The ordinance, which has been likened by historians to Adolf Hitler’s policy of isolating the Jews before herding them into the gas chambers was consented by King George V and was implemented on in September 1934.
The Passing of the law was hastened by the attack of a European settler couple, Alex and Stella Semini of Kinangop, whose home was burgled, the owners assaulted and guns stolen triggering widespread fears after the man died.
Police investigations determined that the attack had been perpetrated by eight Kipsigis, which made the settlers more hostile towards the community.
Historian, David M Anderson, in his work, Black Mischief: Crime, Protest and Resistance in Colonial Kenya, explains the attack followed a wave of increased insecurity in Nandi and Kipsigis lands where theft of guns ammunition had spiraled as more and more settlers were targeted.
In 1934, Kericho District Commissioner Douglas Brumage conducted investigations, which showed systematic organisation of the Kipsigis communities under the spiritual guidance of their Laibons in readiness for a major showdown with the colonialists.
Brumage’s final report uncovered the extent of “organised crime” sanctioned by the Laibons and recommended the removal of the entire Talai clan from the Kipsigis reserve as, “they had evil influence on the whole population.”
Consequently in May 1934, the Attorney General William Harrigan drafted legislation ‘The Laibons Removal Ordinance’ (no. 32 of 1934) to provide for the mass deportation of the Talai clan, and forwarded it to London for approval.
After heated deliberations during which 39 affidavits allegedly signed by some members of the Talai, attesting to the alleged “evil powers of the Laibons” were tabled in the Legislative Council, as the Bill was unanimously passed into law.

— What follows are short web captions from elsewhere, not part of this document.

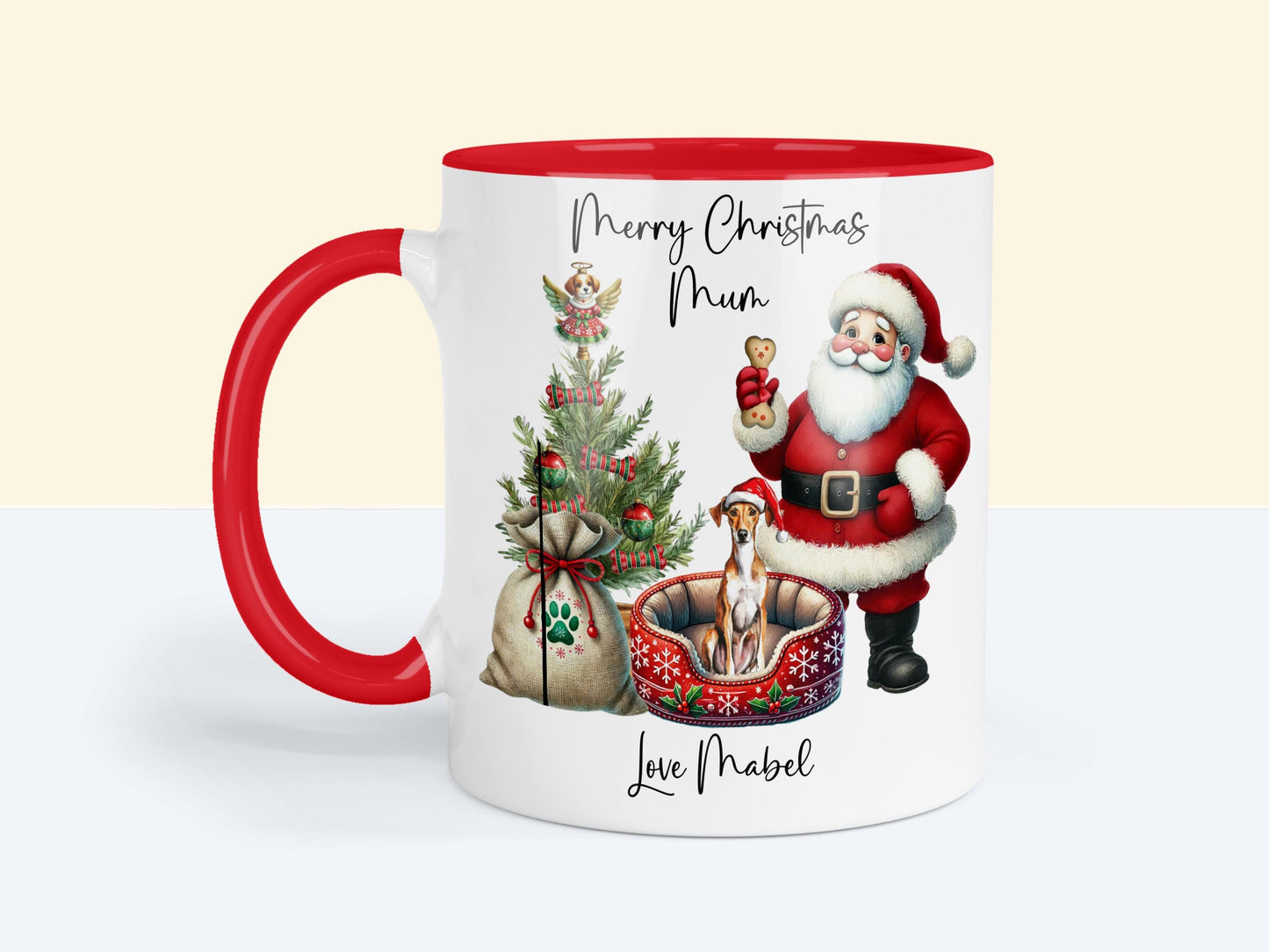 Whippet Christmas Mug Gift | Dog Mum or Dad Present
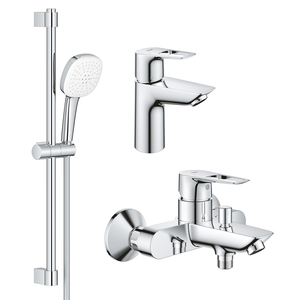 Комплект смесителей Grohe BauLoop New 3 в 1 для ванной (UA123214S1)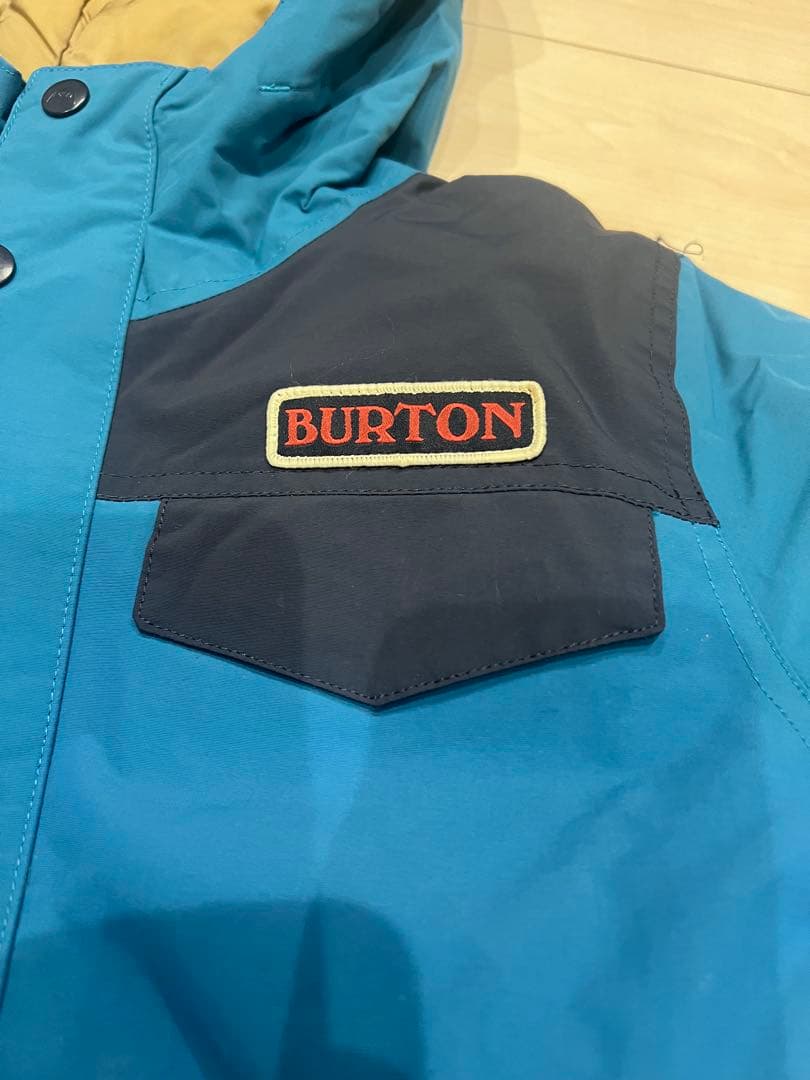 BURTON スノーボードウェア Mサイズ 青/黒　子供用　140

It ultimately became law on September 25, 1934 after it was operationalised by the then acting Colonial Secretary, Juxton Barton proclaiming: “In exercise of the powers conferred upon me by section 1 of the Laibons Removal Ordinance,1934, I do hereby appoint the 25th day of September 1934 as the date upon which the said ordinance shall come into operation. God save the King.”
The ordinance which was divided into 20 sections, defined a Laibon as an Orkoiyot, who to the colonial authorities meant, “an adult male member of Talai clan? resident in the South Lumbwa or Nandi district.”